第1回「日本マーケティング本 大賞2018」の受賞書籍とその受賞理由は以下のとおり。実務家からは、奥谷孝司氏(オイシックス・ラ・大地 執行役員)および嶋浩一郎氏(博報堂ケトル 代表取締役社長・共同CEO)の著作がそれぞれ準大賞を受賞している。
大賞:『ブランド戦略論』(田中洋、有斐閣、2017年12月)
推薦理由:「ブランドに関する広範な知識を現代的な視点から体系化した大著」
“マーケティングにおいて重要なコンセプトであるブランドに関する広範な情報や議論を網羅し、現代的な視点から体系化することによって、実務家・研究者の双方がブランド戦略を俯瞰的かつ深く理解できる良書である。
ブランドに関する議論を「理論」「戦略」「実践」「事例」の4つの観点から整理しており、幅広い読者が自らの関心領域を入口にブランド戦略を多元的に考察できる内容になっている。特に30もの事例集は圧巻であり、読む者を飽きさせない。さらに、どの時代にも通底する社会や人々の生活を起点としたブランド戦略の本質が語られており、ビジネスのあるべき姿が描かれている点も評価に値する。”

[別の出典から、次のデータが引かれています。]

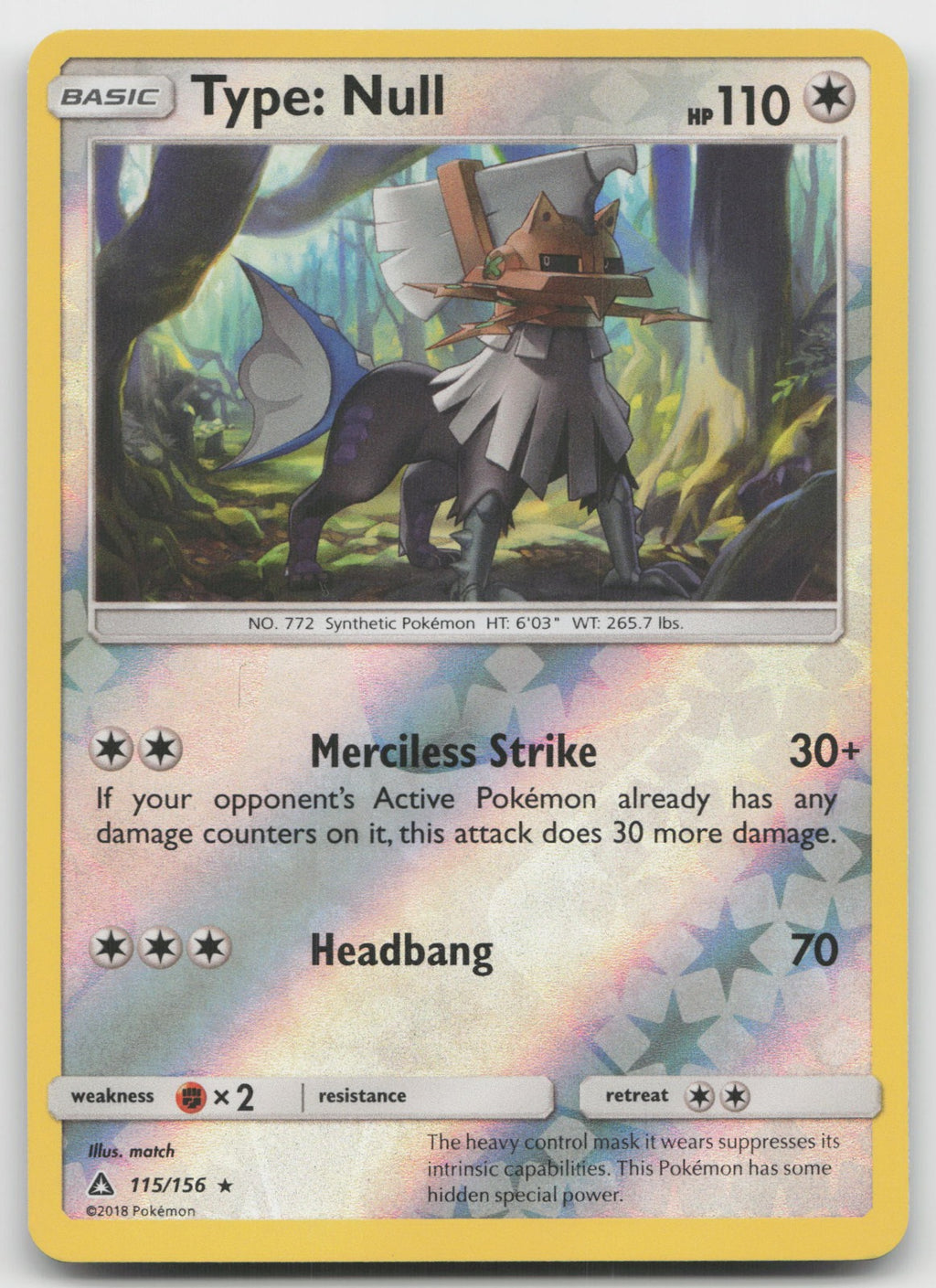 Type: Null Reverse Holo Rare SM - Ultra Prism 115/156 NM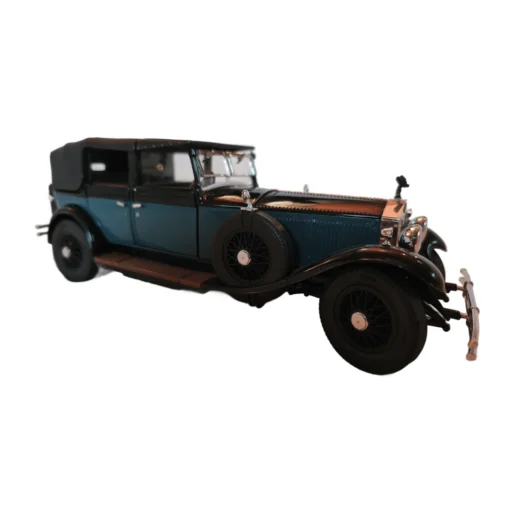Vue de trois quarts avant de la miniature Rolls-Royce Phantom I 1929 bleue et noire par Franklin Mint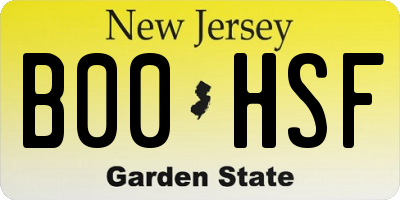 NJ license plate B00HSF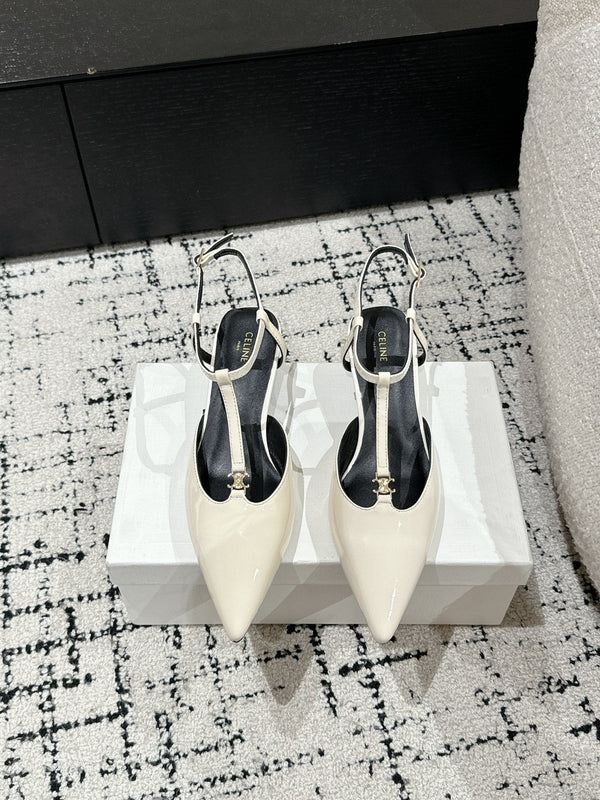 KITTEN T-BAR STRAP PUMP 5 CM IN WHITE PATENT CALFSKIN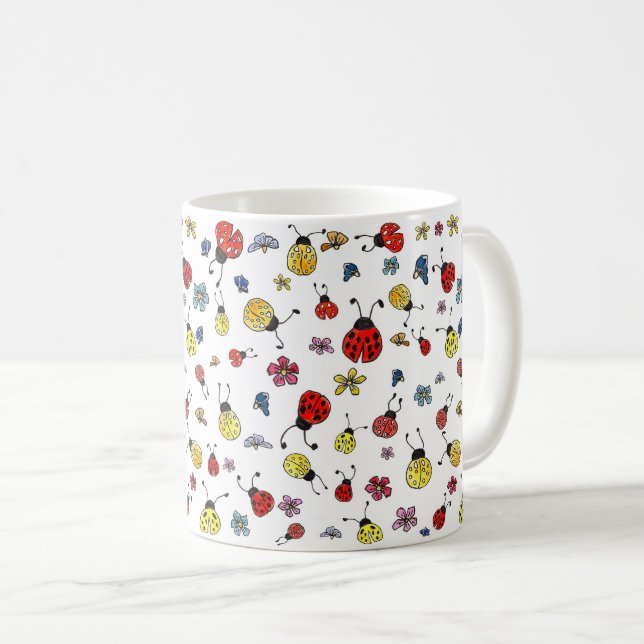 Mug Coccinelle et fleur sauvage (Devant droit)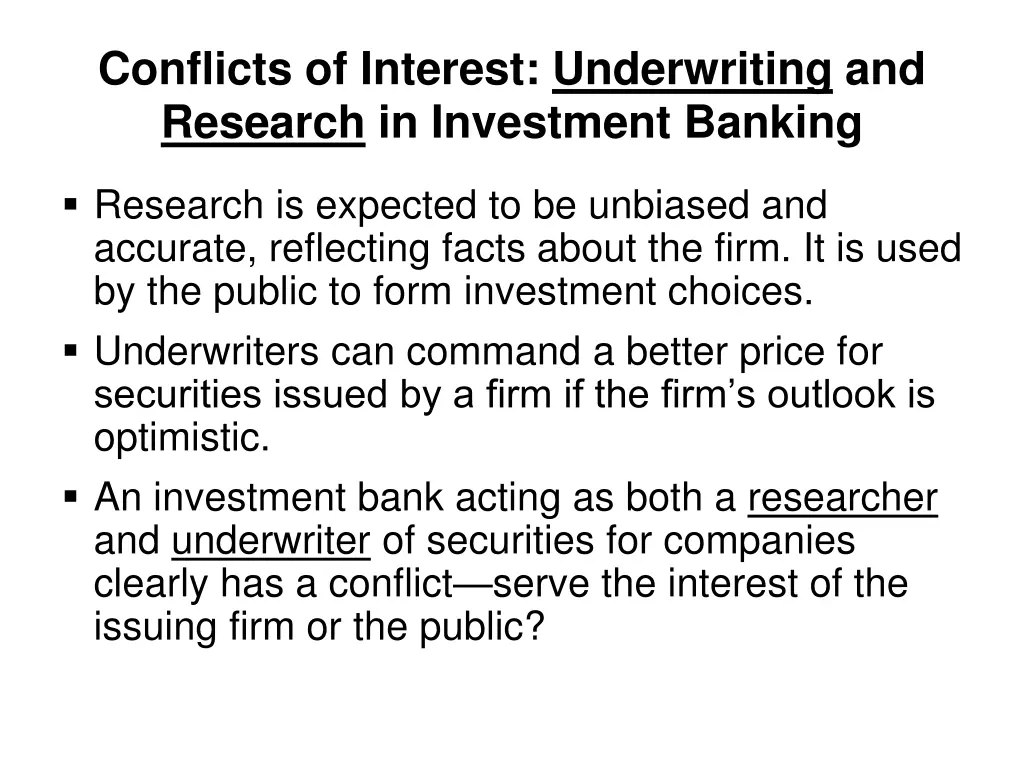 conflicts of interest underwriting and research 1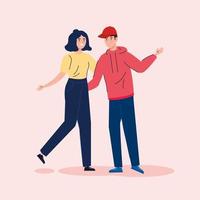 young couple togethers avatar character vector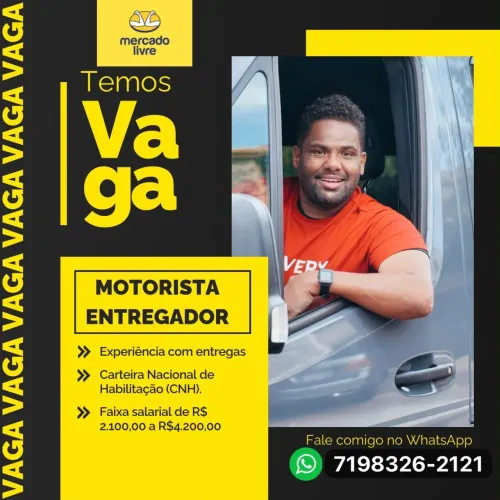 Vaga para motorista entregador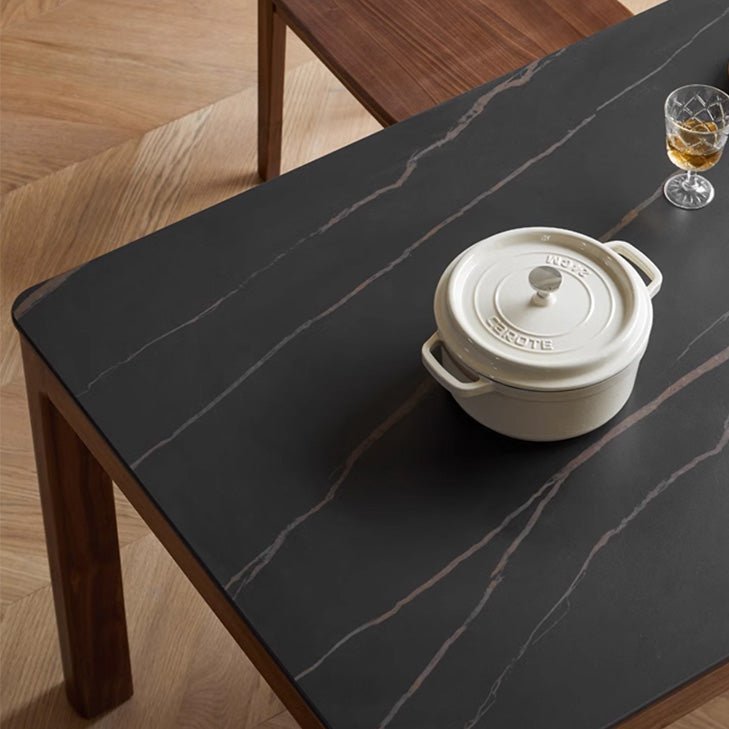 Cuba Natural Solid Walnut Dining Table With Ceramic Top | Oak Furniture Store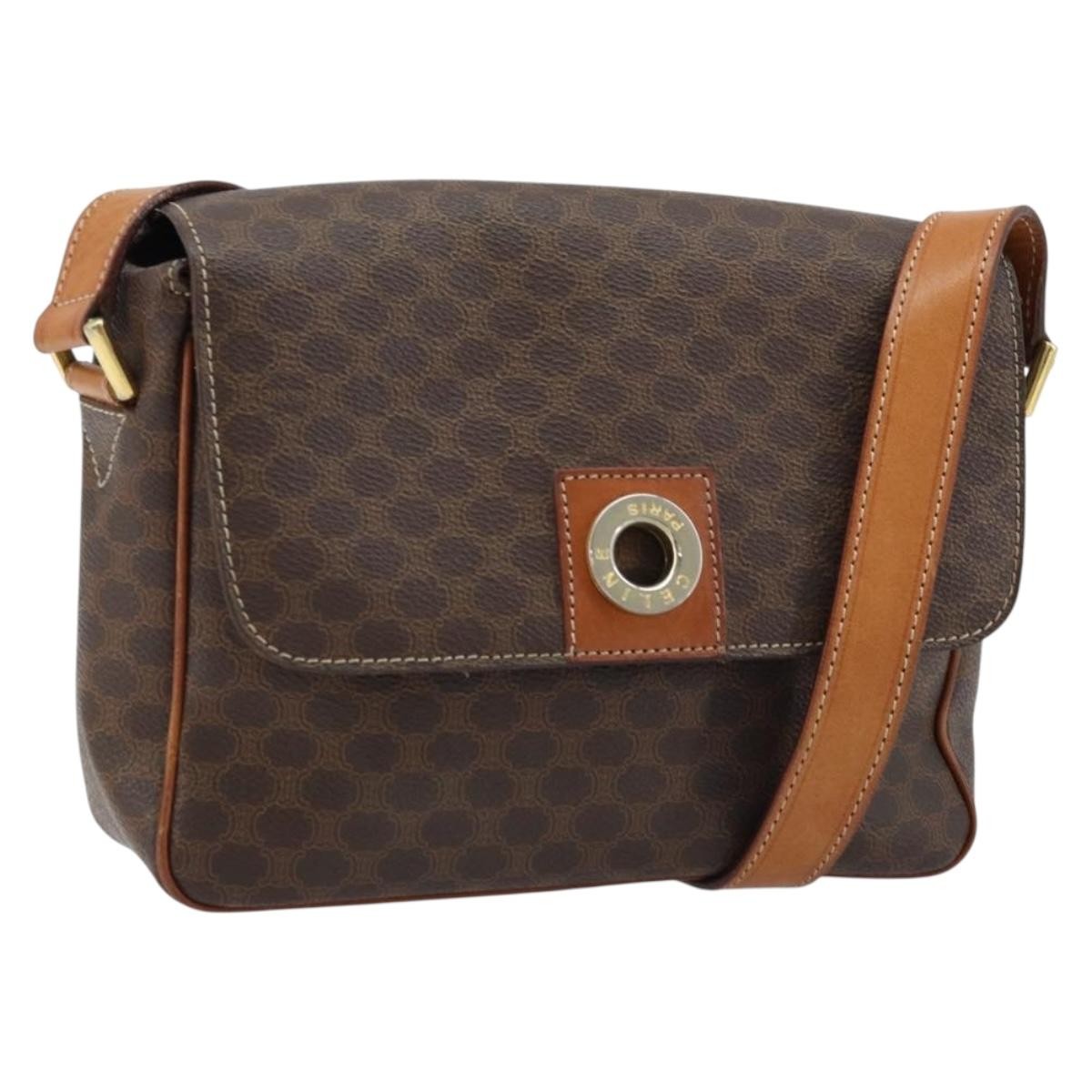 Celine Vintage Macadam Circle Logo Canvas and Leather, Brown, Canvas, Shoulder Bag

準大賞:『世界最先端のマーケティング:顧客とつながる企業のチャネルシフト戦略』(奥谷孝司・岩井琢磨、日経BP社、2018年2月)
推薦理由:「理論と実践の双方からオムニチャネルの本質に迫った意欲作」
“流通・小売業において喫緊の課題であるチャネル環境の変化や、オフラインとオンラインを融合するオムニチャネルについて、その最新動向や狙いを理論的かつ分かりやすく解説した良書である。
オムニチャネルという変化の速い領域を対象にしているが、最新の事例が豊富で情報の鮮度が高く、チャネルシフトなどの分かりやすい理論フレームを用いて事例を分析することで、理論と実践の双方からオムニチャネルの本質に迫っている。デジタル時代の顧客体験のつくり方について理解が深まるとともに、顧客とのつながりの重要性やこれからのマーケティングのあり方を考えることができるだろう。”
準大賞:『欲望する「ことば」:「社会記号」とマーケティング』(嶋浩一郎・松井剛、集英社、2017年12月)
推薦理由:「『ことば』が市場を生み出すプロセスを明らかにした刺激作」
“「ことば」という捉えにくくもマーケティングに強い影響力を持つ要因について、それがどのように人々の思考や生活様式を変え新市場を生み出すかという価値創造のプロセス を論じるとともに、実践的な示唆も得られる良書である。
欲望を捉えた「ことば」が社会に定着した「社会記号」になるプロセスを、広告業界とマーケティング研究の第一人者が実務家と研究者の双方の視点から明らかにしている。また、市場の意味について実証的に明らかにしようとしている点も興味深い。今後のAI技術の進歩などにより、さらに深い考察が行われる可能性のある分野に切り込んだ着眼点が秀逸であり、刺激的な面白さに満ちている。”